===== Data to process
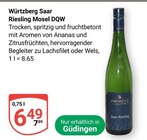 Aktuelle Lachs Angebote bei GLOBUS in Saarbrücken Aktuelles Riesling Mosel DQW Angebot bei GLOBUS in Saarbrücken ab 6,49 €
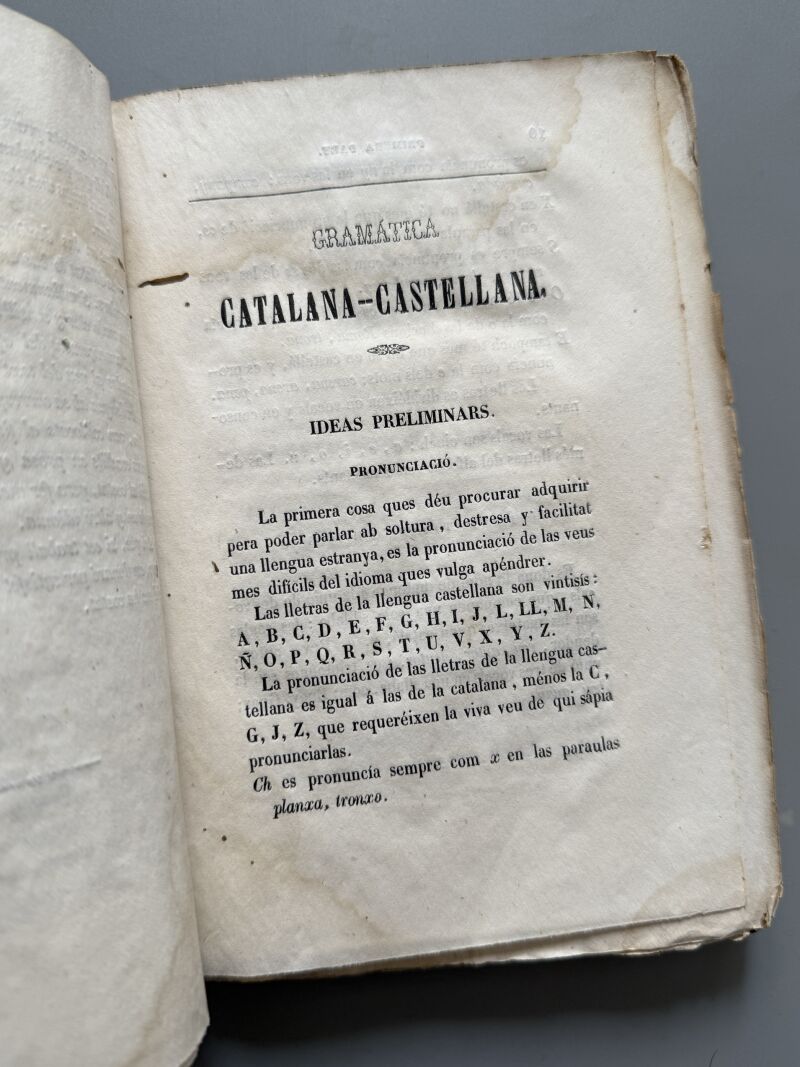 Gramática catalana-castellana, Magi Pers y Ramona - Imprenta de Anton Berdeguer, 1847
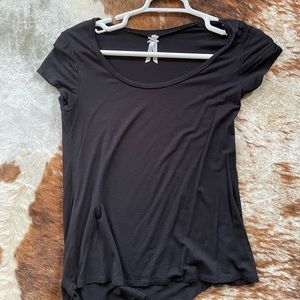 Black Basic Short Sleeve Tee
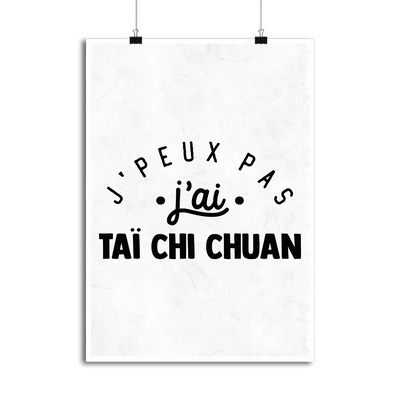 Affiche j'peux pas j'ai taï chi chuan 2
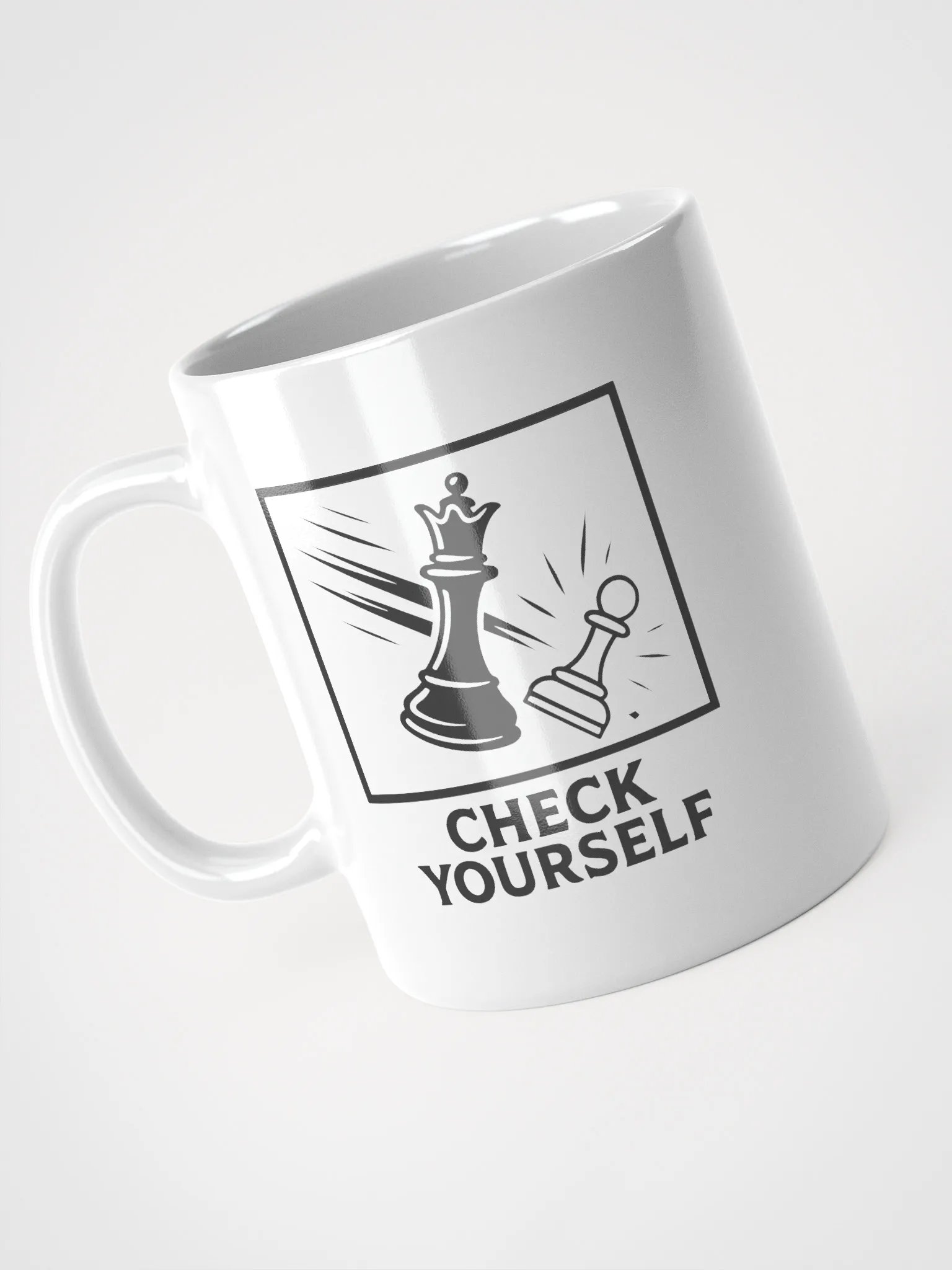 Check Yourself - White Glossy Mug product image (3)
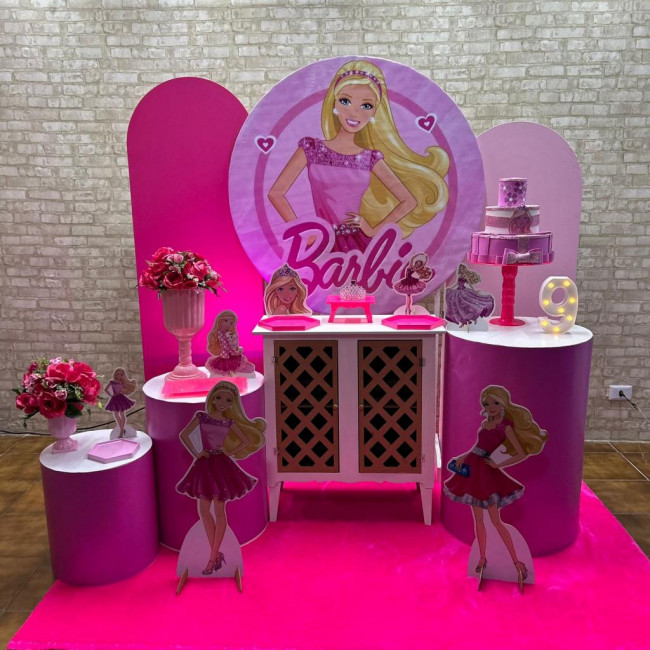 Decoração Barbie Casual ( modelo 8 )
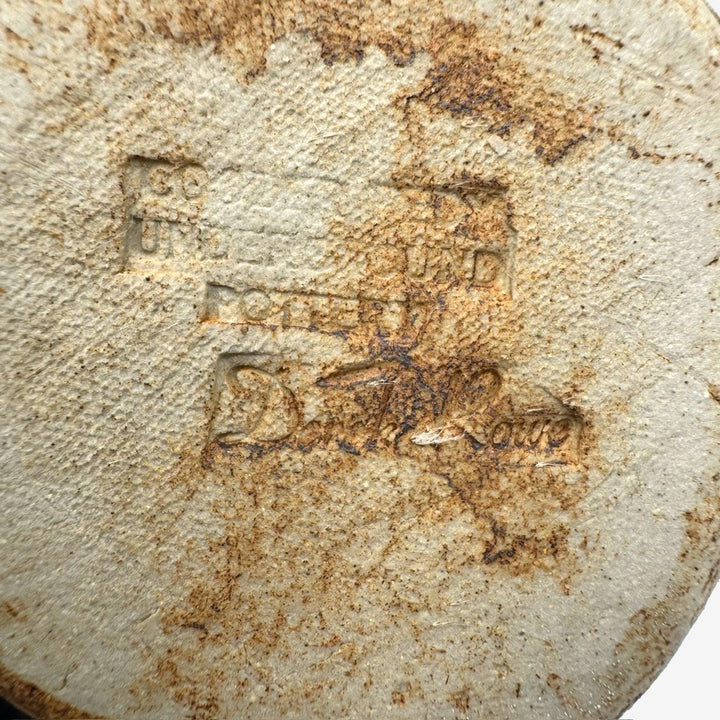 Soliflore asymétrique en grès de Derek Rowe  Underground Pottery Australie années 80
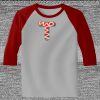 Raglan 3/4 Roundneck Shirt (Gray Body) Raglan 3/4 Roundneck Shirt (Gray Body) Thumbnail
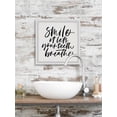 thumbnail image 4 of Marmont Hill Smile and Breathe Framed Wall Art, 18" x 18", 4 of 6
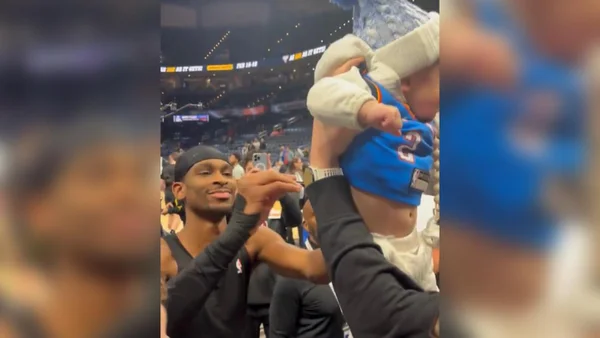 Imagem colorida de Shai Gilgeous-Alexander - Metrópoles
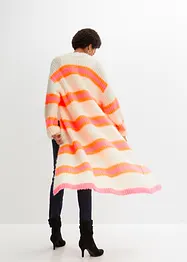 Lang gebreid oversized vest, bonprix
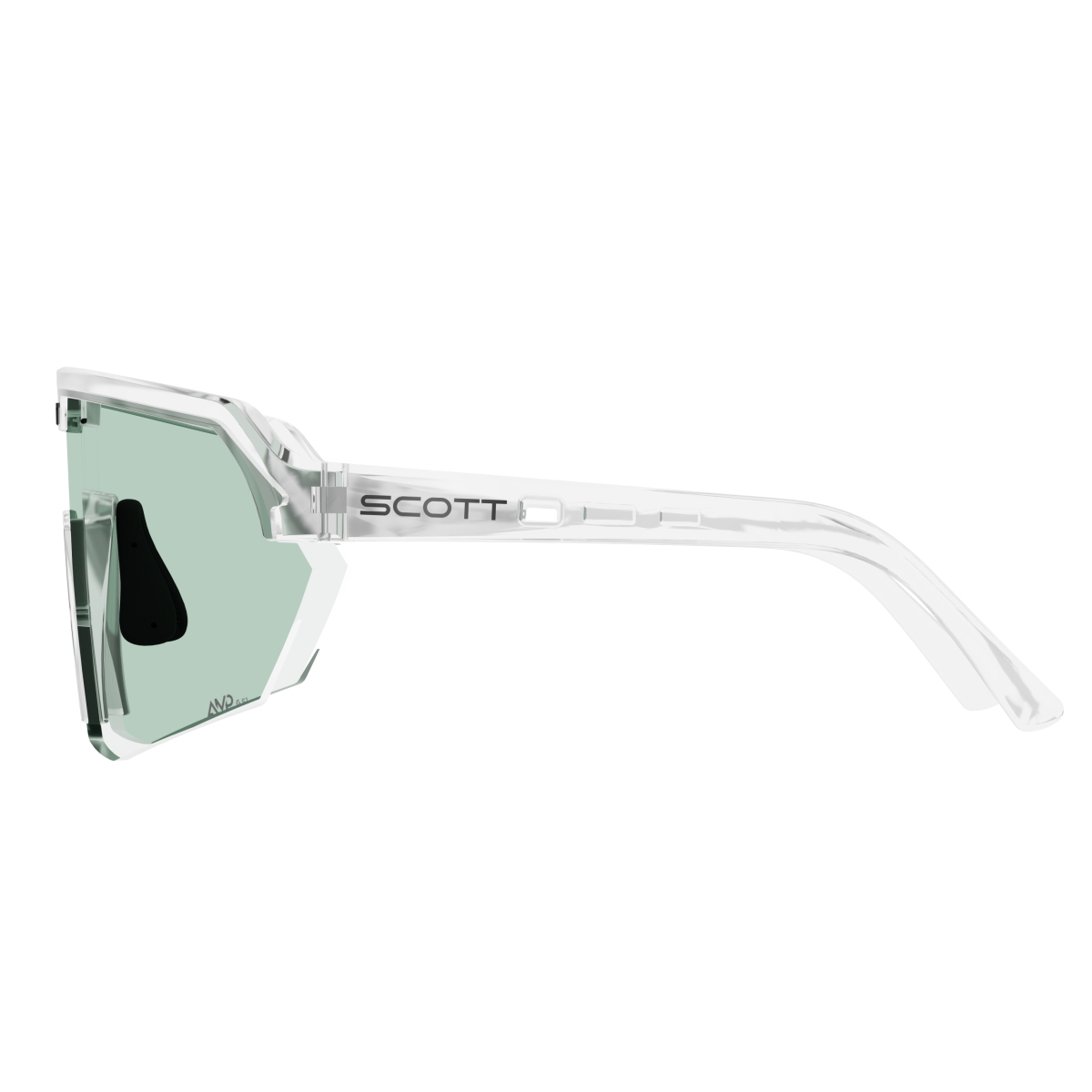 Scott Sport Shield AMP Wechselscheiben Fahrradbrille translucent/grün chrome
==========
— Exercise details —
Your copy should hold exactly the lines from the one with "Check Yourself - White" through the final line of the records, both ends included, and no pictures.

— Answer area —
 Check Yourself - White Glossy Mug product image (3)
 Decoração Barbie Casual ( modelo 8 )
 Soliflore asymétrique en grès de Derek Rowe  Underground Pottery Australie années 80
 Raglan 3/4 Roundneck Shirt (Gray Body) Raglan 3/4 Roundneck Shirt (Gray Body) Thumbnail
 thumbnail image 4 of Marmont Hill Smile and Breathe Framed Wall Art, 18" x 18", 4 of 6
 Imagem colorida de Shai Gilgeous-Alexander - Metrópoles
 Lang gebreid oversized vest, bonprix
 Scott Sport Shield AMP Wechselscheiben Fahrradbrille translucent/grün chrome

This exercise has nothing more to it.